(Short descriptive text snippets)
------------

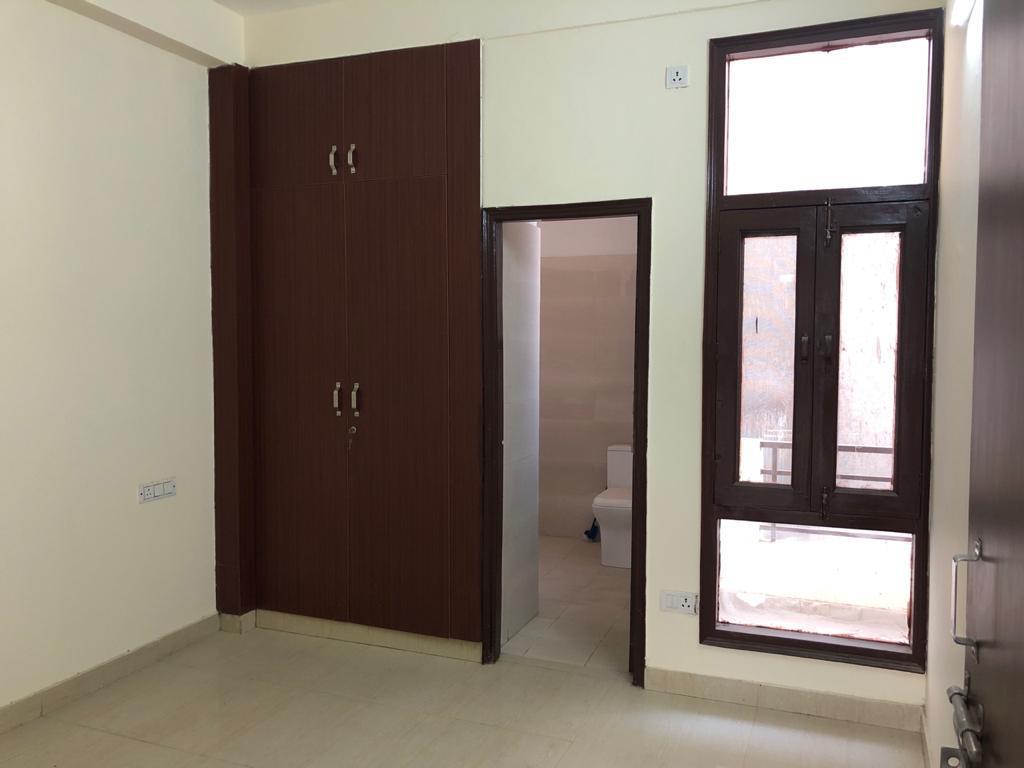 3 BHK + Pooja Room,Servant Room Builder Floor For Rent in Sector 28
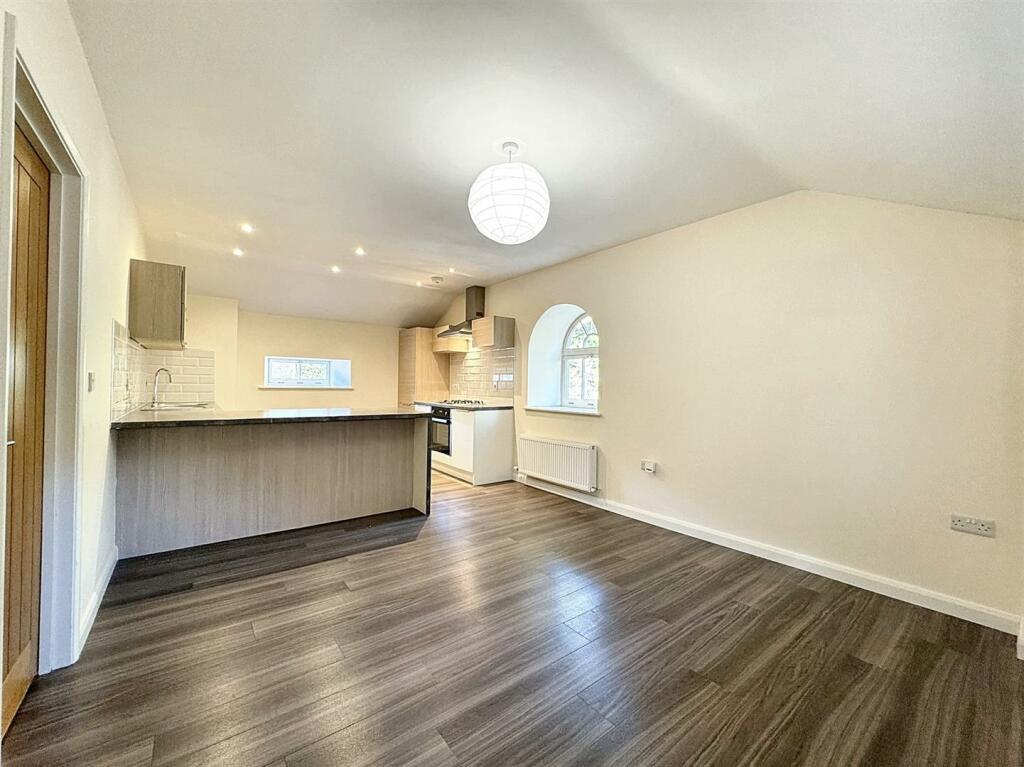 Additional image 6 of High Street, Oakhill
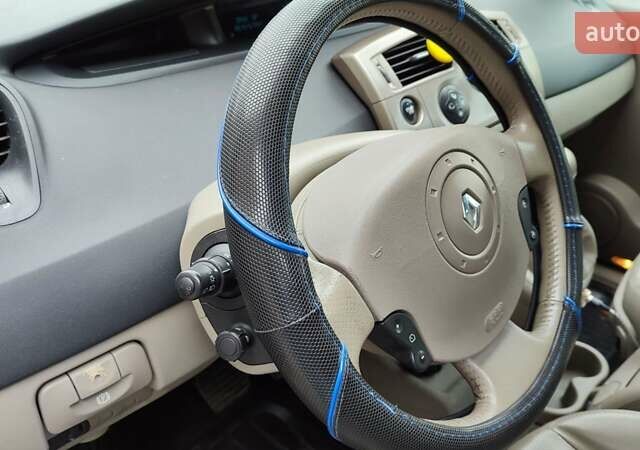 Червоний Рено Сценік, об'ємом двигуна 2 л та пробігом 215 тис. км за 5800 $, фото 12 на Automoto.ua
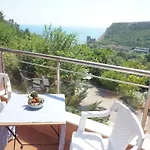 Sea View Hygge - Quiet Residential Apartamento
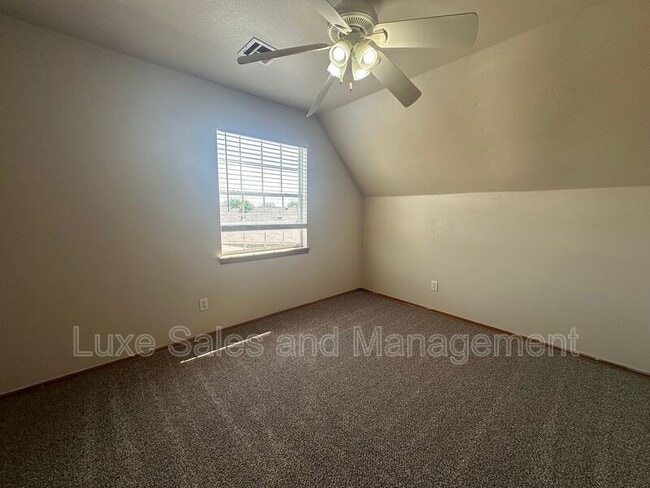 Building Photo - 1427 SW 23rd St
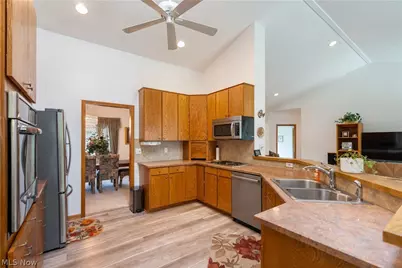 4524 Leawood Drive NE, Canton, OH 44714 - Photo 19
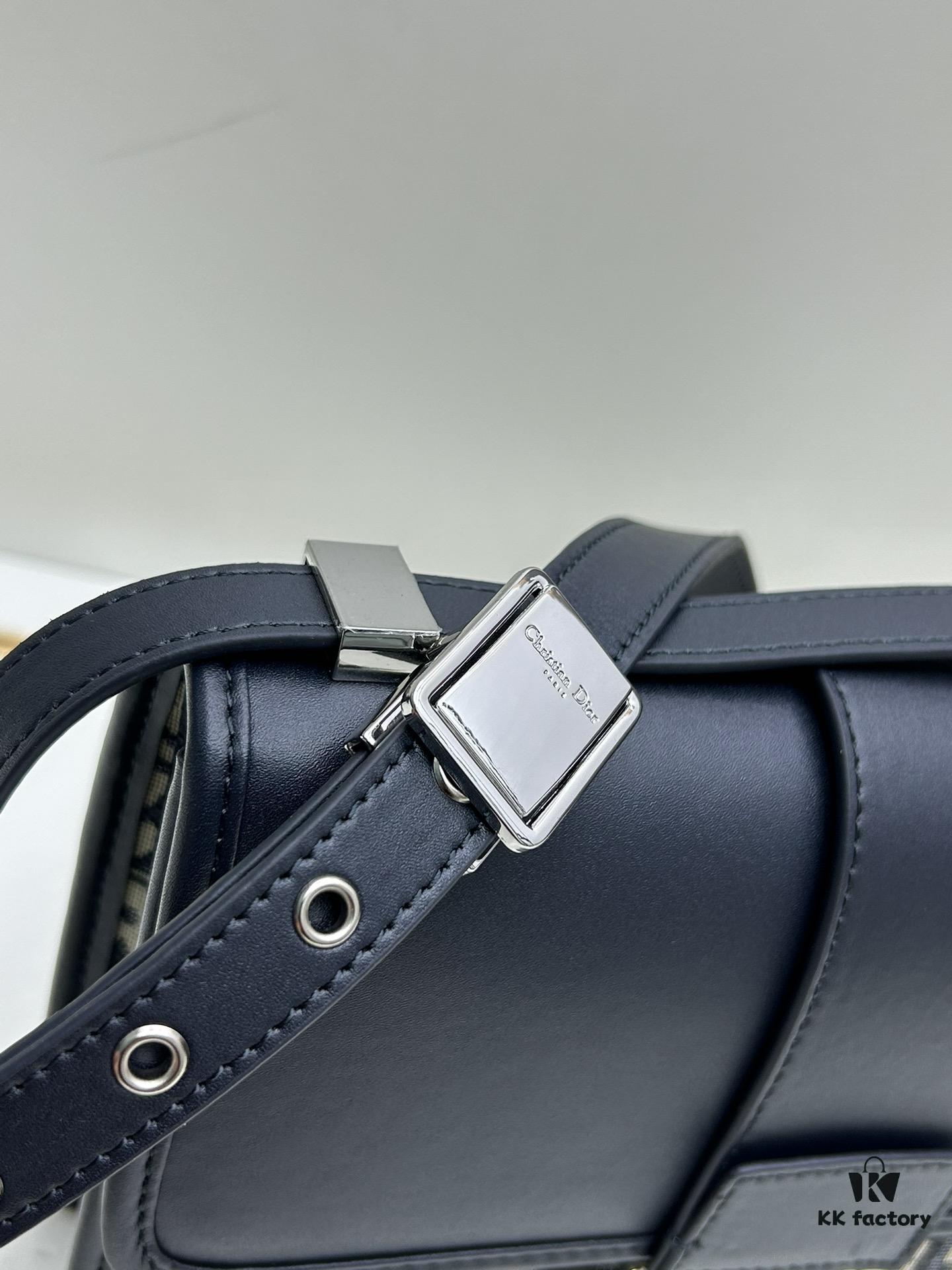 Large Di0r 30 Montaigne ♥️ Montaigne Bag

------------

§ **ABOUT THIS EXERCISE**
Images stay out, but the rest of the data above must be repeated exactly.

§ **TASK ANSWER**
 3 BHK + Pooja Room,Servant Room Builder Floor For Rent in Sector 28
 Additional image 6 of High Street, Oakhill
 Червоний Рено Сценік, об'ємом двигуна 2 л та пробігом 215 тис. км за 5800 $, фото 12 на Automoto.ua
 Sea View Hygge - Quiet Residential Apartamento
 Building Photo - 1427 SW 23rd St
 4524 Leawood Drive NE, Canton, OH 44714 - Photo 19
 Large Di0r 30 Montaigne ♥️ Montaigne Bag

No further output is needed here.